MUMBAI: India is likely to trump short-term worries such as inflation, oil prices and a weaker rupee and still is among the top countries to invest in, said Neil Kansari, a senior portfolio manager at Sands Capital Management, a portfolio management firm based out of Arlington near Washington DC.

“In the long term, we remain very optimistic. India has young demographics, large population, under penetration in every consumer category and infrastructure is still being built out,” said Kansari, speaking on the sidelines of the recently held Morgan Stanley 20th Annual Investor Summit.

“In the short to medium term, there are definitely some worrisome things. There are some concerns around the political situation, inflation, oil prices going up and the India rupee weakening a little bit. If we take a step back and I look at the world globally and particularly in emerging markets, India still bubbles up as one of the top countries that we like to invest in,” Kansari said.

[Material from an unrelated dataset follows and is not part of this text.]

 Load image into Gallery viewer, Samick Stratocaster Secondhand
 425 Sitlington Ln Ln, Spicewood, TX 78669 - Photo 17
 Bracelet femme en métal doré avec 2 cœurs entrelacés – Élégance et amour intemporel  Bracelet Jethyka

Oil has been one of the main worries for India as the country imports a significant amount of its oil requirements. Higher oil prices put strain on Indias fiscal math.

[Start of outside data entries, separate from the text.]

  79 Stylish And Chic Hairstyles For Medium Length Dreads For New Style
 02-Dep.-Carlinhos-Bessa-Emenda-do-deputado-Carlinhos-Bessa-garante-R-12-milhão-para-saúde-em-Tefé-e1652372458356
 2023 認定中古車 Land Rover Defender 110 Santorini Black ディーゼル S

Kansari favours the financial sector and sees opportunity there given that financial penetration is still low in India. “Between banks, PSUs have been going through tremendous stresses and bad numbers but if you look at all the private sector banks — not all but many of the high-quality private sector banks — they have been delivering very good 20-25% earnings growth. Thats in a global context is very strong,” he said. “In India, financial penetration particularly in the consumer side is extremely low. Financials is an area that is still very interesting long term.”

On reports that MSCI Inc was looking to place India on notice for limiting investor access and could cap its weight, Kansari said it was not a significant worrying factor.

“We are benchmark agnostic. If fund flow dries up, it could have some impact on valuations. If there are good opportunities in India, money will come in through active managers like us rather than passive benchmark-type funds. I dont worry about it too much,” said Kansari.